--- Data listing Enclosed Below ---
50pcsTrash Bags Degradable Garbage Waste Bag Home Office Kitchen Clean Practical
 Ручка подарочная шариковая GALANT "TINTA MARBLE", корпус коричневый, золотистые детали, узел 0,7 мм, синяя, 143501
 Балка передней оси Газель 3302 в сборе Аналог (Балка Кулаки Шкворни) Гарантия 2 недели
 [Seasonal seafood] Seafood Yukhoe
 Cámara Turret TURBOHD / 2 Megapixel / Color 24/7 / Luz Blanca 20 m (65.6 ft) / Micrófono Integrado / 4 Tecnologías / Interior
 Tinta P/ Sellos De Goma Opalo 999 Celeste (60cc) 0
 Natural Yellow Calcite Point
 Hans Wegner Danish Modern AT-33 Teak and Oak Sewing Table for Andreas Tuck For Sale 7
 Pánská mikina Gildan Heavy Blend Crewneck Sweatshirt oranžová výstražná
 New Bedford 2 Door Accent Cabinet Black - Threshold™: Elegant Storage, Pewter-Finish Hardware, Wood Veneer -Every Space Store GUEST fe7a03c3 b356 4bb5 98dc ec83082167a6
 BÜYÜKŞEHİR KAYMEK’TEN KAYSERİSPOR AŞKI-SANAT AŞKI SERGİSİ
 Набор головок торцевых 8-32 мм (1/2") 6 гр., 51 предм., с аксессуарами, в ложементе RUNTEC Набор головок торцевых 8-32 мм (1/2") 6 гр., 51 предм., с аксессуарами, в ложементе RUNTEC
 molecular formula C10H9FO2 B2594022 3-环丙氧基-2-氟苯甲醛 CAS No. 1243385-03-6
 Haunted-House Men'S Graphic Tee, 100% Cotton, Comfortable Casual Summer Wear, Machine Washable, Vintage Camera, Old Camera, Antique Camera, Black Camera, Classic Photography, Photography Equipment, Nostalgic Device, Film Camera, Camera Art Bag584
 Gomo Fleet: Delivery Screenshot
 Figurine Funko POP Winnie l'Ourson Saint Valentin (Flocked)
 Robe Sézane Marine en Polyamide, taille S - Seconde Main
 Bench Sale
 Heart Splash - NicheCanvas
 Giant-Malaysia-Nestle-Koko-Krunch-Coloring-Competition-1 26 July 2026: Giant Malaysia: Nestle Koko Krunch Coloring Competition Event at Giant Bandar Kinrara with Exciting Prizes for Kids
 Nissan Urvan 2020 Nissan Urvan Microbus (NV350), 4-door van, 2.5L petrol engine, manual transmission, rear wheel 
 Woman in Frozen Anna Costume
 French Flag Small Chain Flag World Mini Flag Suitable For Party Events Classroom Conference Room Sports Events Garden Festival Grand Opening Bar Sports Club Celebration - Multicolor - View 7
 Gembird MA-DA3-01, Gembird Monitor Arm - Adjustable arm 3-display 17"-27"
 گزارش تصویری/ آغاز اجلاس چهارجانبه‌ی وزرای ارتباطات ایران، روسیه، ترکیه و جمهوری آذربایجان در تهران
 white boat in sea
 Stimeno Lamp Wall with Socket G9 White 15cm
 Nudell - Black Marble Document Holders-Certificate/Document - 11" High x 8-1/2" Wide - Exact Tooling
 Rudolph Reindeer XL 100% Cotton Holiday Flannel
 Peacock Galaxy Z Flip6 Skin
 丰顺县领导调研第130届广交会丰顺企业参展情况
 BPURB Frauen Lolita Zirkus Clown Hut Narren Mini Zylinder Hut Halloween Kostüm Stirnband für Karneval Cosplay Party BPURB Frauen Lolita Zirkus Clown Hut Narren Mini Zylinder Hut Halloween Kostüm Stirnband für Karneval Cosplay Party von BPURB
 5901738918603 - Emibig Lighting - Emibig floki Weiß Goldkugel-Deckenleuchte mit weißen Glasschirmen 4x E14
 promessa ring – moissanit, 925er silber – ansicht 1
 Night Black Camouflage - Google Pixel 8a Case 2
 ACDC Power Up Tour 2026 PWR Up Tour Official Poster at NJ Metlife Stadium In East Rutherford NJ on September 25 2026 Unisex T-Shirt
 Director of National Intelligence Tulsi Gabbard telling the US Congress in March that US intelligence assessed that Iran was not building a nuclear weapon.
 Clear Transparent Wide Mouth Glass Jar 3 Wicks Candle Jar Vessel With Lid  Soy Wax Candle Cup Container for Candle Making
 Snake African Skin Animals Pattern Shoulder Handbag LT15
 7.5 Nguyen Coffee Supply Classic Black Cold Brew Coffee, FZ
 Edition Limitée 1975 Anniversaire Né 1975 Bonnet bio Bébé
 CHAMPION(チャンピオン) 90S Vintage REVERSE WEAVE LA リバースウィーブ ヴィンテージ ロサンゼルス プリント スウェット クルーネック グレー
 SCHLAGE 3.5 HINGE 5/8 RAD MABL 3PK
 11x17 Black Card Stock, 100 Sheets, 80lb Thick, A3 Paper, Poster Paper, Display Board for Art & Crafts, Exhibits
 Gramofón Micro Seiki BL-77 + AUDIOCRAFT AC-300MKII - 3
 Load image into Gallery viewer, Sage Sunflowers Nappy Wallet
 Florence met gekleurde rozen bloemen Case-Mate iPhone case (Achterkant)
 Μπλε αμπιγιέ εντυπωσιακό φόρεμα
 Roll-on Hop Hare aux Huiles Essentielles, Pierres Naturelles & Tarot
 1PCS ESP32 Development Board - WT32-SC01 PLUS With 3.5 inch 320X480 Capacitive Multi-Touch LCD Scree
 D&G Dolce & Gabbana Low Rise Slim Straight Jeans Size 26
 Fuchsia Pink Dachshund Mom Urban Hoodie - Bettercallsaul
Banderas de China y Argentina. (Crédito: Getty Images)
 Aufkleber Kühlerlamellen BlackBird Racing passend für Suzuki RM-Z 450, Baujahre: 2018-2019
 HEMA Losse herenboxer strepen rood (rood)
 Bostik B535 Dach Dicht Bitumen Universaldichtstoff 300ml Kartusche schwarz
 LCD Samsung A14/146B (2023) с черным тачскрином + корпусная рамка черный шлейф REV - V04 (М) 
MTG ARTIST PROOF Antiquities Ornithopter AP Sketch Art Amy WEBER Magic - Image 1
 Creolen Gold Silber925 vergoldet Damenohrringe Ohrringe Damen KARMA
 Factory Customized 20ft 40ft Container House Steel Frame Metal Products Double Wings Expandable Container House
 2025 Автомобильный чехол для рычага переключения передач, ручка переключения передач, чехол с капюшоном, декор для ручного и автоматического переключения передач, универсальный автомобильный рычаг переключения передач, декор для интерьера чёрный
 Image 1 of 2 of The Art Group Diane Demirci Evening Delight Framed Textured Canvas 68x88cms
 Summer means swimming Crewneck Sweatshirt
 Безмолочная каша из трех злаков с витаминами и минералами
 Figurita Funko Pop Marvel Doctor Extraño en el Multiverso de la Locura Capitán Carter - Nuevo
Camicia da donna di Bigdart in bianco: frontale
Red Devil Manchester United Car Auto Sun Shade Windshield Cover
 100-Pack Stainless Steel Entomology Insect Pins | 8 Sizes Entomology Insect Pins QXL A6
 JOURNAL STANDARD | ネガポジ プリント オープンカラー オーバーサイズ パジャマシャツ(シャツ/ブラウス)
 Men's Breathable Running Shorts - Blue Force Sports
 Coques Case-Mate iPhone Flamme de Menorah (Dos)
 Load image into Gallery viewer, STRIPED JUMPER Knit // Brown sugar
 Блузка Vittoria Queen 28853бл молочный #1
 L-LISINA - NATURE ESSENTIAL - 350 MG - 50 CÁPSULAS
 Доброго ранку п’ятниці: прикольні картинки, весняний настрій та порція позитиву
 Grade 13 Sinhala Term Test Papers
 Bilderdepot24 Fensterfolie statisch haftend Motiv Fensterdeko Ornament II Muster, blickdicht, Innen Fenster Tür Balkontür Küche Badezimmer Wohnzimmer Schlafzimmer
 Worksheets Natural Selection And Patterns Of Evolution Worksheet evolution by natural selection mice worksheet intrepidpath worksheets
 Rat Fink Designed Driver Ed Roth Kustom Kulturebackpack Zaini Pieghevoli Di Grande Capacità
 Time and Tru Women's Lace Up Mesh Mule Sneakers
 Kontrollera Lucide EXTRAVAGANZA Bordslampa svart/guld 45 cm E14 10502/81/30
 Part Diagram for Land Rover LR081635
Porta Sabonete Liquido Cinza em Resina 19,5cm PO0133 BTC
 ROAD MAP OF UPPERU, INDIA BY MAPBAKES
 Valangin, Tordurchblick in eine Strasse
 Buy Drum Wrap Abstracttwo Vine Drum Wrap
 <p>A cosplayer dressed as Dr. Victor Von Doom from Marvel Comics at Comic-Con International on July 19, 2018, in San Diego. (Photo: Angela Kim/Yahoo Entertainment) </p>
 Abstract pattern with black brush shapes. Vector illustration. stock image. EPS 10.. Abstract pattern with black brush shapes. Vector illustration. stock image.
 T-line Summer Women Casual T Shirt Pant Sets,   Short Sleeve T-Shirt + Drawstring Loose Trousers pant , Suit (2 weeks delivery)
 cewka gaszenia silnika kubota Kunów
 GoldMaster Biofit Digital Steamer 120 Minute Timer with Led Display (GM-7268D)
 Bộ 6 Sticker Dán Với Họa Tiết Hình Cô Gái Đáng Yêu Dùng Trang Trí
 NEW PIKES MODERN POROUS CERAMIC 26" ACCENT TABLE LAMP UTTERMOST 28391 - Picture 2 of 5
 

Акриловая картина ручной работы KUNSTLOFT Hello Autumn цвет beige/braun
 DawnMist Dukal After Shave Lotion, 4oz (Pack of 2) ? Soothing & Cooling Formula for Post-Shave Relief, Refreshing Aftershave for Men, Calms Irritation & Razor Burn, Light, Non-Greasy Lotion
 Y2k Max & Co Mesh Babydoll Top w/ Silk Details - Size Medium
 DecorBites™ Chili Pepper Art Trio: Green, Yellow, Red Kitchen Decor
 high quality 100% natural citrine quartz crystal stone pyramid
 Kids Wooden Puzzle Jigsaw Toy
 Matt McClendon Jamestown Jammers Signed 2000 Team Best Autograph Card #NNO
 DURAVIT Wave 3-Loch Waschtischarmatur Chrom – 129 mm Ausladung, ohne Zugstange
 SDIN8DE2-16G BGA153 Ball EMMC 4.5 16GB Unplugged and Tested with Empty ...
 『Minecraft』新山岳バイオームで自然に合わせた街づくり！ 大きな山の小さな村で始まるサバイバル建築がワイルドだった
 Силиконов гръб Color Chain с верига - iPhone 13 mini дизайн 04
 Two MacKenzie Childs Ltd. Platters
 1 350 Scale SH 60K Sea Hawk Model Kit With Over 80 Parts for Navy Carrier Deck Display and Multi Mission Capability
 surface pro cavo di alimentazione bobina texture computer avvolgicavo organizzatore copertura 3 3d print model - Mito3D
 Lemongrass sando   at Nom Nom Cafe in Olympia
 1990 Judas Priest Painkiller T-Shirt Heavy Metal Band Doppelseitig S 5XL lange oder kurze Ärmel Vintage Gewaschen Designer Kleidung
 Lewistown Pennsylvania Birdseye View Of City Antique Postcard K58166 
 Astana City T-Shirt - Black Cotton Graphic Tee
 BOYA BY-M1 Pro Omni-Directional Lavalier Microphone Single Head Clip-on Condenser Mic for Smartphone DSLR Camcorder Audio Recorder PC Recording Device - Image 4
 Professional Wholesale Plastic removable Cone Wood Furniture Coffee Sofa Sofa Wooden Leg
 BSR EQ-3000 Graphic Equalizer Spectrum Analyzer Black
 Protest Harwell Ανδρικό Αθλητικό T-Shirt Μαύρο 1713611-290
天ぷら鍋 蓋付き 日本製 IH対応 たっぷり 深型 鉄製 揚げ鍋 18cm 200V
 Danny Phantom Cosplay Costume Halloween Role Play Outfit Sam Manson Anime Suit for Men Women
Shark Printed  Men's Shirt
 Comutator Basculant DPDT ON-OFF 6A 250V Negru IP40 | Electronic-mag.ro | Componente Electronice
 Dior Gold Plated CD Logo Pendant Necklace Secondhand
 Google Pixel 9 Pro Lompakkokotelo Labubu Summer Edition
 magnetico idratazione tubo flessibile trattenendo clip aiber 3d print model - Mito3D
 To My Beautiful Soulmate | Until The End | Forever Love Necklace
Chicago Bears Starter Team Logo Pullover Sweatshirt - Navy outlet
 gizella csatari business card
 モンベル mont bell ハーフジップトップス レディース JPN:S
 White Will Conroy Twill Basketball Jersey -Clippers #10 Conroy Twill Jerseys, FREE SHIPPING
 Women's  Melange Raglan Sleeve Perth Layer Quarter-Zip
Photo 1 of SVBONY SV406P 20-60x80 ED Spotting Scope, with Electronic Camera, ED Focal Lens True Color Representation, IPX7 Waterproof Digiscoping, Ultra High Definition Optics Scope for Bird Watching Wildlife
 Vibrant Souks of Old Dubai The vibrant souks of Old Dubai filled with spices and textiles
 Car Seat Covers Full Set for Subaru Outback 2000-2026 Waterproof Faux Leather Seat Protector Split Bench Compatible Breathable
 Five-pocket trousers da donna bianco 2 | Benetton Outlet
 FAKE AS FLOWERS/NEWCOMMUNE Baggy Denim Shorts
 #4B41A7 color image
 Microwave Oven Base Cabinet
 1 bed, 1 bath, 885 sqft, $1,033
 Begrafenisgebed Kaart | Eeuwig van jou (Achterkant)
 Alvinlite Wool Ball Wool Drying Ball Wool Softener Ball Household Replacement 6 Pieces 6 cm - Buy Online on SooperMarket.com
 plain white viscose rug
--- End of Enclosed Data listing ---
_Instructions for the task_
Look above for the line containing "Load image into Gallery viewer, STRIPED" and the line containing "Grade 13 Sinhala Term Test Papers". Transcribe both, with the lines between them, exactly.

_Task answer_
 Load image into Gallery viewer, STRIPED JUMPER Knit // Brown sugar
 Блузка Vittoria Queen 28853бл молочный #1
 L-LISINA - NATURE ESSENTIAL - 350 MG - 50 CÁPSULAS
 Доброго ранку п’ятниці: прикольні картинки, весняний настрій та порція позитиву
 Grade 13 Sinhala Term Test Papers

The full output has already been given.